I HAVE AN IDEA

Story ideas are elusive things to define. I think the most repeated question writers must encounter is: “Where do your ideas come from?” And even though this question has become a cliché and the bane of writers during interviews, every time I come across an amazing idea/concept/character, I can’t help but stop, lower my book and wonder, “How the hell did they come up with that?”

In interviews, the writers always seem to struggle to come up with an answer that satisfies them. I think the reason for this is that writers want to create an answer that is clever and apt; but there is no clever and apt answer. The question would probably have to be delivered on a case-by-case basis for the writer to provide an accurate answer.

i.e.

Q: “In scene x with character y, how did you come up with the idea for character x to say dialogue z?”
A: “I read it on a cereal box.”

As you can see this process would be rather tedious and make for a long-winded interview.

But despite the logical answer most writers eventually give, “Lots of places,” the desire to know, to understand the fountain of greatness and where it springs from, is still there. As an aspiring writer, I can’t help but hunger to understand the workings of their minds and follow the track their synapses took to come to the amazing conclusion that is their piece of writing. The reasoning is a simple one: If I can understand it, I can replicate it.

Recently I’ve been looking over some of my old writing and found myself asking the question of where the ideas came from to myself. Time has fogged my memory enough that the exact moment of inspiration has faded leaving me in a dementia-like fugue about how I came to put those exact words to paper. But my weak long-term memory gives me the opportunity to answer the question of where ideas come from to myself:

Ideas come from lots of places. (Wait, there’s more). So many times it is a random string of events that results in an idea. It could start with the briefest glimpse I get of a man and a child on the footpath as I’m driving down the road. Maybe the boy is picking something off the pavement and the man is bending down to see what he’s found. And maybe as I’m driving past I’m not thinking about writing or stories, I’m thinking about the dessert I’m going to eat that night, but that fleeting images snags something in my head. The image sticks and dessert slips from my brain and I find myself wondering what the boy might have found. Idea.

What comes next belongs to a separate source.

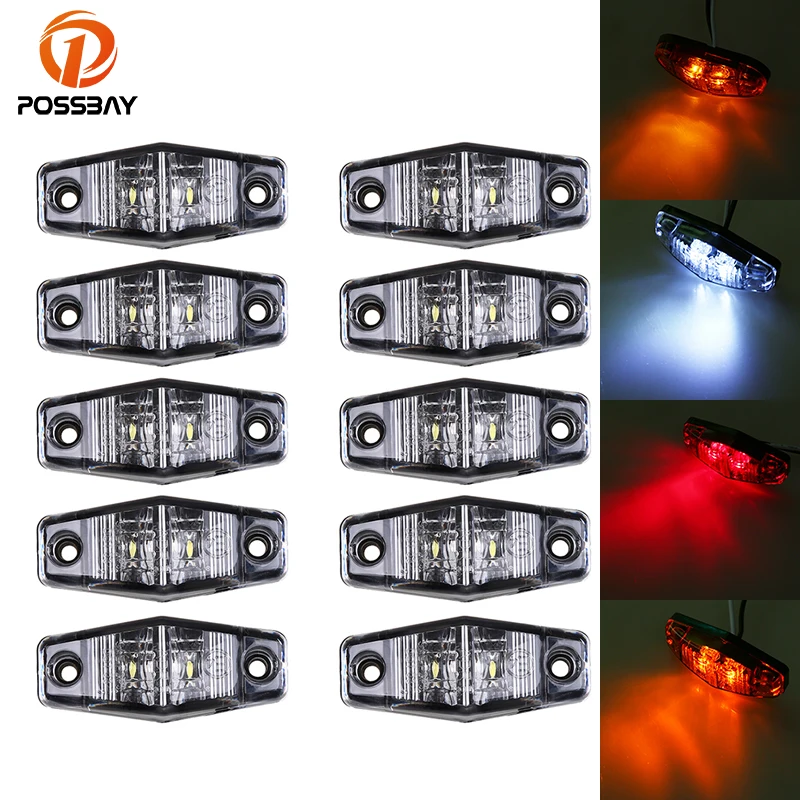 

Боковая лампа POSSBAY 10x для автомобиля, грузовика, светодиодный габаритных лампы, 12 В, 24 В, светосветильник индикатор 10-30 в, овального типа, внеш...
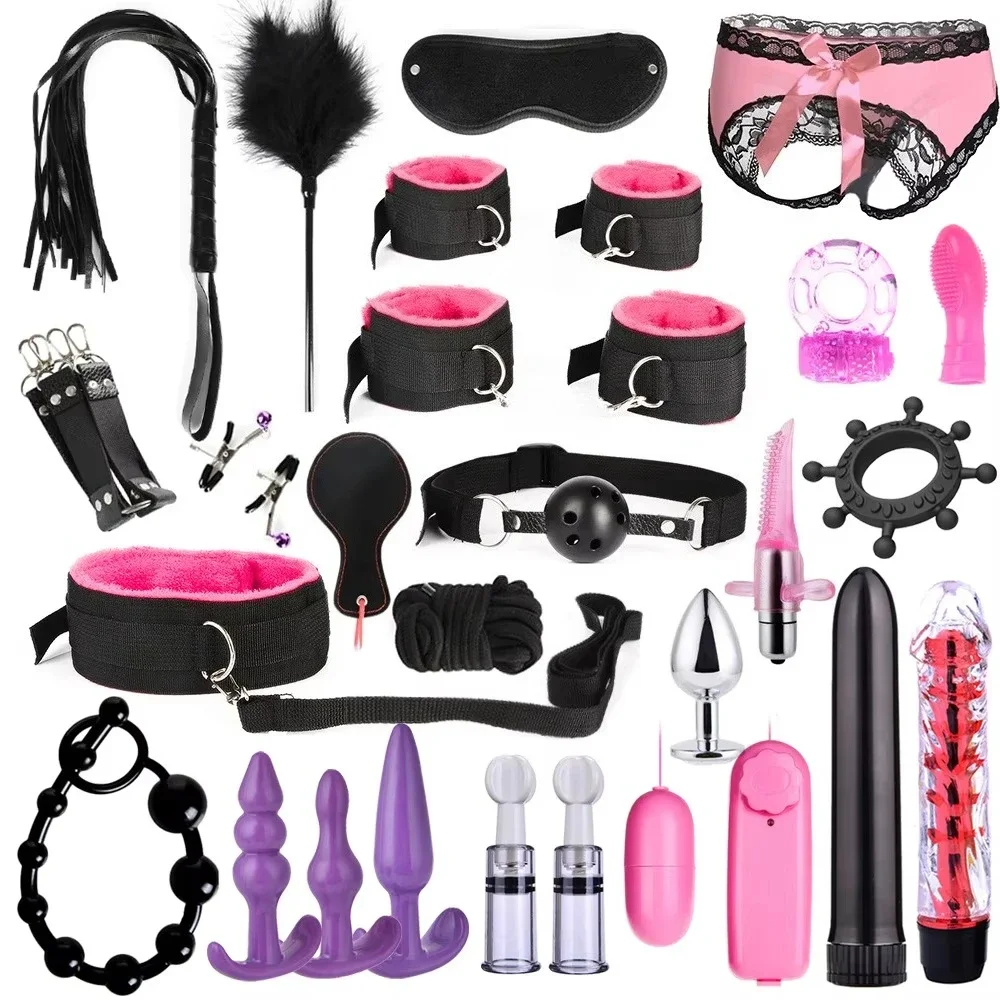 Leather BDSM Kit for Couples Handcuffs Body Harness Bondage Straps Sexy Adult Party Game Enhanced Privacy Protection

The next stage to the answer is that ideas are usually more than one idea, they’re a mutated amalgamation of ideas. Maybe earlier that day I was shopping for dessert when I came across a metallic frog that when you click its belly it sounds like it’s croaking. (This item actually exists, my dad has it, but for the purposes of the example let’s say I found it at the shops). I remember this curious item and suddenly I know in my story what it is the boy has found. He brushes off the dirt to reveal a tarnished and beat-up metallic frog that croaks when you push its belly. Idea.

Now this is just the frame of a story, a starting place, but through this string of memories, moments, and images, a story idea is cobbled together. Questions come from this beginning: “What does the boy do with the metal frog?”, “What does the man do with it?”, “Will the frog become an animated spirit, whispering to the boy in the night, speaking of greatness in a croaky voice?” The answers to these questions are part of the story idea process.

And maybe at this point I want to insert a moral or meaning to the story. Maybe I know an elderly man who collects wombat paraphernalia, only now in my story the old man has a frog paraphernalia collection. And maybe the metallic frog was the first item he ever received, and suddenly the story’s about ownership and lost things. Idea.

The beauty of this demonstration is that anything can be story. Or maybe it should be everything is story. Every conversation, every freeze-frame image, every unique quirk, every memory, or smell, or taste can go into a story. These details are what make a story feel real and special and makes readers like me stop and wonder how they came up with something so original and perfect.

One of the things I enjoy most about writing is there is no such thing as wrong. Anything that is sticking to the roof of your brain can be jotted down, explored, and fed with creativity until it becomes something bigger that the original image of a boy and a man finding something on the pavement. It becomes plot, and interesting characters, and mythology, and a mini-reality put to paper.

Where do stories ideas come from?

Where don’t they come from.

4 thoughts on “I HAVE AN IDEA

  1. Sometimes the story ends up eliminating the idea that inspired it. Who knows. I usually don’t remember what I meant to write once get to the end. i just have what I have.

    • Very true. Often I have an inspired moment, and an story seems to drop in my head in its entirety. But by the time I’ve put it down on paper it’s a completely different story. Makes me wonder what happened to the original story.